In Smith v. People (53 N. Y., 111), it was said by AlleN, J.: " The rule is, that when the delivery of goods is made for a certain special and particular purpose, the possession is still supposed to reside, not parted with, in the first proprietor."
In Hilderbrand's case, the possession of the bill was delivered in the bar-room of the accused, for the purpose of being changed to take out the sum of ten cents in payment for a glass of soda. The prisoner took and kept the bill and refused to deliver the change. In this case the twenty dollar gold piece was delivered in the saloon for the purpose of l>eing changed. The prisoner took the same for the purpose of getting it changed, went out to get the same with the consent of the complainant, but instead of getting it changed, he went to a gambling place; and lost it in gambling. He had nothing but a naked manual possession for a specific purpose, totally without property. The title to the coin remained in the complainant, and he could at any moment have recalled the possession before the coin was changed. If it had been taken from the possession of the prisoner by violence, the owner could have maintained trespass for injury to his property, and it would have been entirely proper, if the appellant had been robbed of the coin, to have averred, in an indictment for the robbery, the ownership in the complainant.

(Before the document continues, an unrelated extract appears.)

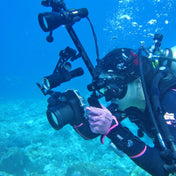 PULUZ 40m Underwater Depth Diving Case Waterproof Camera Housing for Sony A6300 (E PZ 16-50mm F3.5-5.6 OSS)(Black) Eurekaonline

The distinction in the cases is so extremely " narrow" that we should have felt entirely justified in disregarding it, but for the fact that the Court of Appeals in Hildebrand v. The People, gave its sanction to the case of Reg. v. Thomas, and declared it to be sound law, thereby holding in effect that a conviction of larceny could not be sustained in a case like 'this.
We are constrained, therefore, to accept that decision as authority, and consequently, the conviction must be reversed and the appellant discharged.
Brady, J., concurred.
Present — Davis, P. J., and Beady, J.
Conviction reversed and appellant discharged.